What are the ASA physical status classifications for high risk?
ASA physical status IV or V.
This classification indicates severe systemic disease that significantly increases anesthesia risk.
What is the recommendation for antibiotic prophylaxis prior to a procedure?
Indicated only for patients at high risk for developing infective endocarditis.
This includes those with prosthetic valves and previous episodes of infective endocarditis.
What are the guidelines for antibiotic prophylaxis according to the AHA?
High-risk patients undergoing high-risk procedures should receive prophylaxis.
This is to prevent infective endocarditis, especially in patients with specific heart conditions.
What is the preferred anesthetic for patients with muscular dystrophies?
Total IV anesthetics.
Inhalation anesthetics can cause complications such as rhabdomyolysis and hyperkalemia.
What are the preoperative considerations for children with cerebral palsy?
Assess disease severity, manage associated comorbidities like gastroesophageal reflux and epilepsy, and ensure adequate antibiotic coverage for aspiration pneumonia.
These considerations help mitigate risks during anesthesia.
What is the complication rate for general anesthesia in patients with cerebral palsy?
63.1% for perioperative adverse events.
Most complications are non-life-threatening, such as hypothermia and hypotension.
What medications decrease lower esophageal sphincter tone during anesthesia?
Propofol, volatile anesthetic agents, β-agonists, opioids, atropine, thiopental, tricyclics, glycopyrrolate.
These medications can increase the risk of aspiration.
What are the American Society of Anesthesiologists recommendations for pre-operative fasting?
Light meal or nonhuman milk up to 6 hours, clear liquids up to 2 hours before elective procedures.
Specific guidelines help reduce the risk of aspiration during anesthesia.

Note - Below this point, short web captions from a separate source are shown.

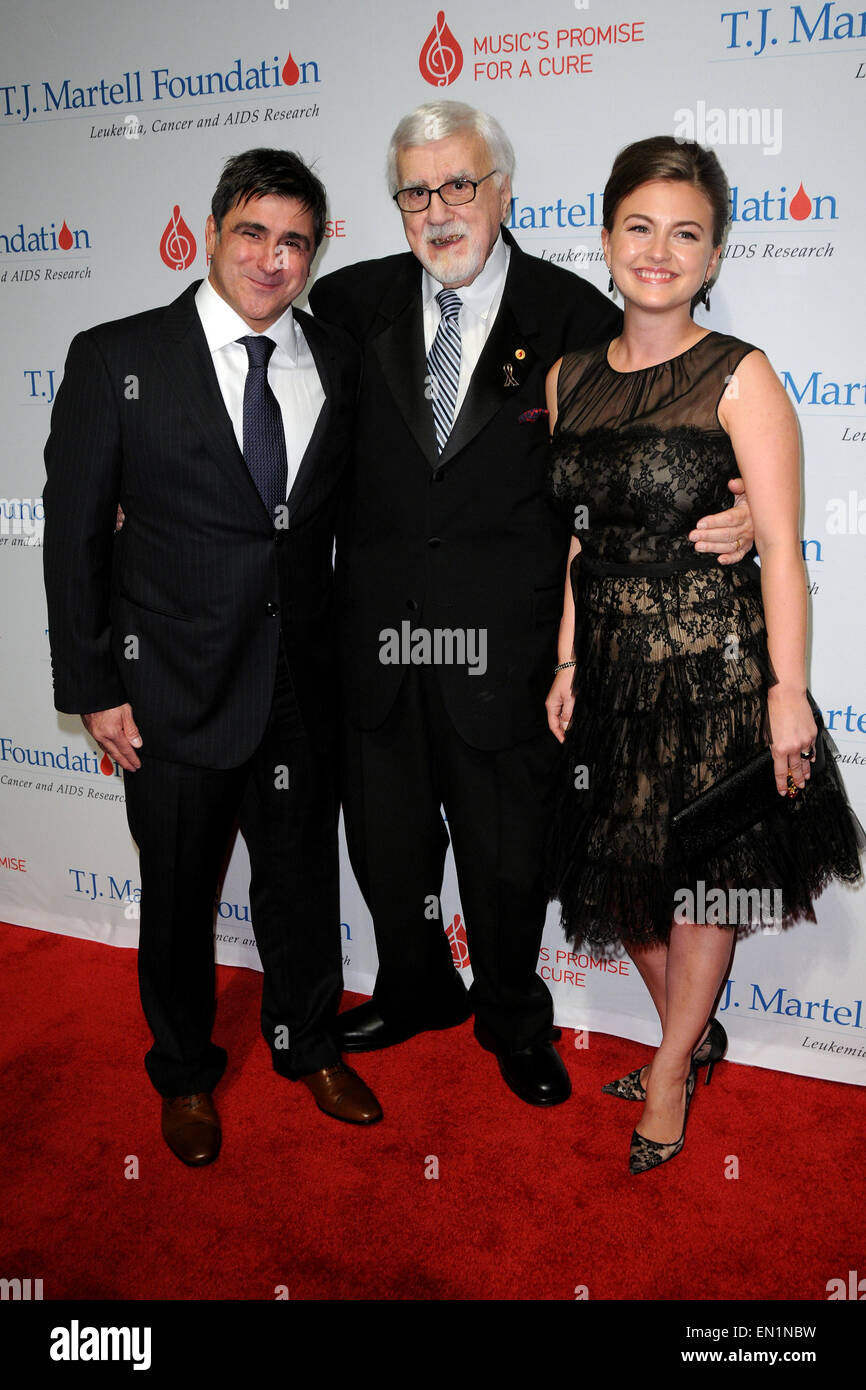 T.J. Martell Foundation's 39th Annual New York Honors Gala - Red Carpet Arrivals  Featuring: Afo Verde,Tony Martell Where: New York City, New York, United States When: 21 Oct 2014 Stock Photo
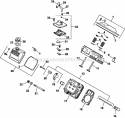 Page H Diagram and Parts List for CH730-0227  Kohler Engine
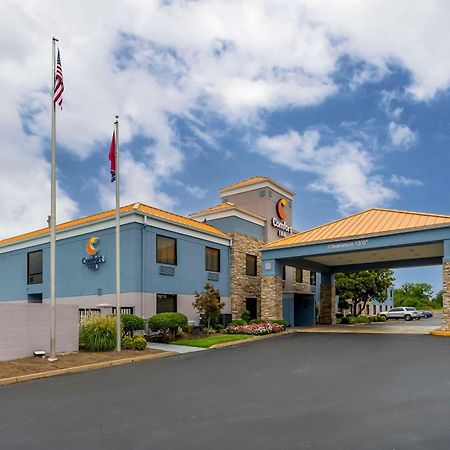 Comfort Inn Brownsville I-40 Eksteriør billede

What is the impact of autism spectrum disorder on anesthesia management?
ASD patients may require different induction modes and have longer wake-up times compared to non-ASD patients.
Individualized approaches are necessary based on the patient’s level of cooperation.

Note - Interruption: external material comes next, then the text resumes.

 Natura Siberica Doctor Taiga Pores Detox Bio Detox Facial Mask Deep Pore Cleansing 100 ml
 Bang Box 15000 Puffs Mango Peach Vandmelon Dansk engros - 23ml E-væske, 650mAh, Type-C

What is the risk of aspiration associated with pre-existing conditions?
Gastrointestinal obstruction, previous esophageal surgery, hiatal hernia, obesity.

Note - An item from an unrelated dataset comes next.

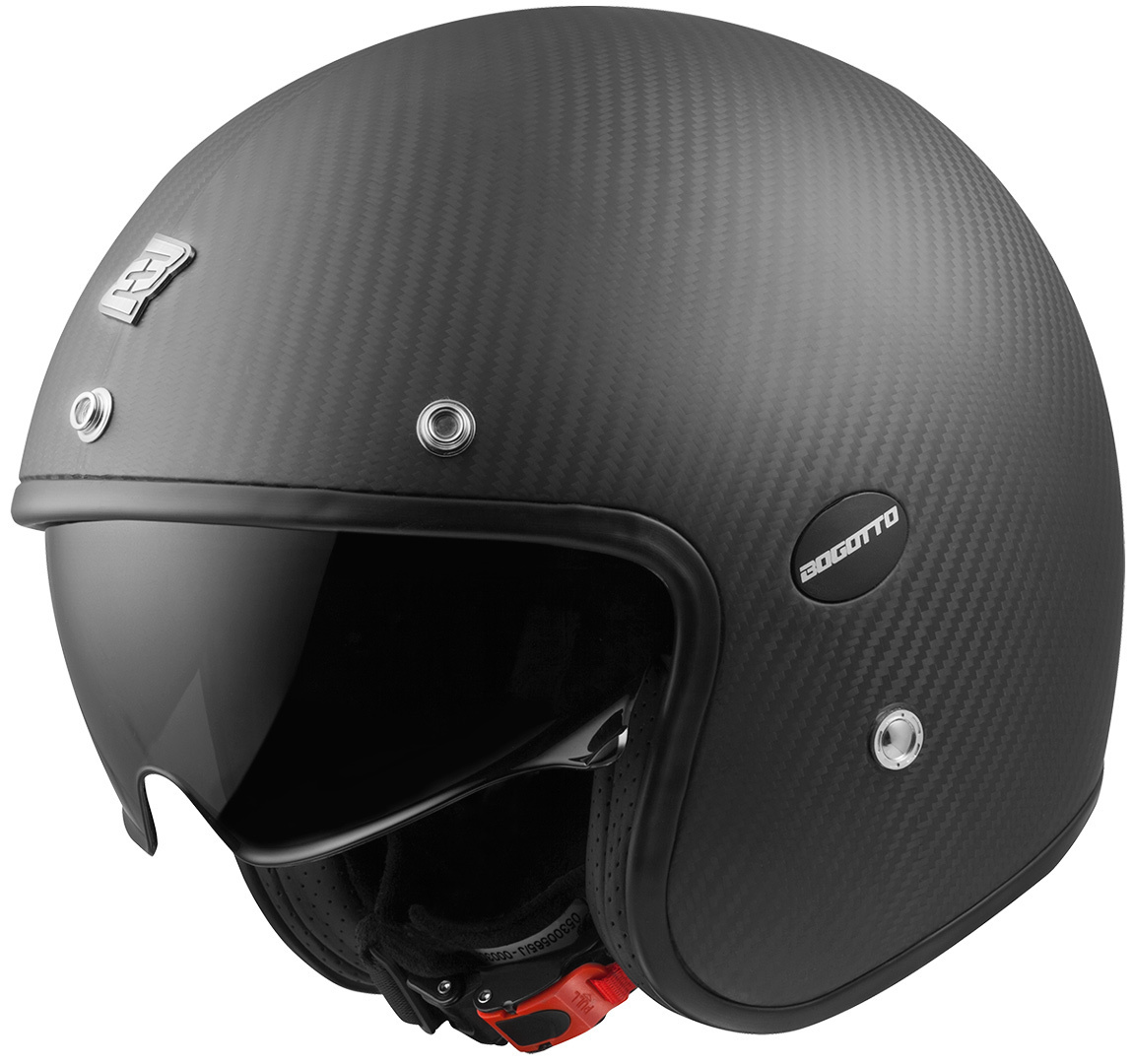 Bogotto V587 Carbon Cască cu reacție L Figura 1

These conditions can significantly increase the risk during anesthesia.
Fill in the blank: Patients with __________ must have careful coordination and evaluation before surgery.
congenital heart disease.
Coordination among various subspecialists is critical for successful outcomes.
Is the presence of an upper respiratory tract infection an absolute contraindication to proceed with surgery?
No, it is not an absolute contraindication.
The decision should consider the risk-to-benefit ratio of the procedure.
How long may elective surgery be delayed after resolution of upper respiratory tract infection symptoms?
2–3 weeks.
This delay is recommended to reduce the risk of respiratory adverse events.
What are the respiratory adverse events associated with recent upper respiratory tract infections?
- Laryngospasm
- Bronchospasm
- Hypoxemia
These complications do not have long-term sequelae.
What is the COLDS Scoring Tool used for?
To predict perioperative respiratory adverse events in children with upper respiratory tract infections.
The COLDS score assesses risk factors for complications.
What does the acronym COLDS stand for?
- C: Current signs and symptoms
- O: Onset of symptoms
- L: Lung disease
- D: Airway device
- S: Surgery type
Each factor is assigned a score to quantify the risk.
What is recommended for well-controlled asthma patients before elective surgery?
Use of inhaled beta 2 agonist 1-2 hours before surgery.
This helps reduce the risk of bronchospasm.
What should be done for poorly controlled asthma patients before elective surgery?
Use of systemic corticosteroids 3-5 days prior to surgery and inhaled beta 2 agonist.
This is to prevent adrenal crisis during surgery.
What is the recommended timing for elective surgery after the last asthma attack?
4-6 weeks.
This allows time for stabilization of the patient’s condition.
What should be continued up to the day of surgery for asthma patients?
All maintenance asthma medications.
This is crucial for maintaining control of asthma symptoms.
What is a key consideration in the preoperative evaluation of a child with asthma?
Establish if the child has undiagnosed asthma or a known case of bronchial asthma.
This includes reviewing the level of asthma control and current medications.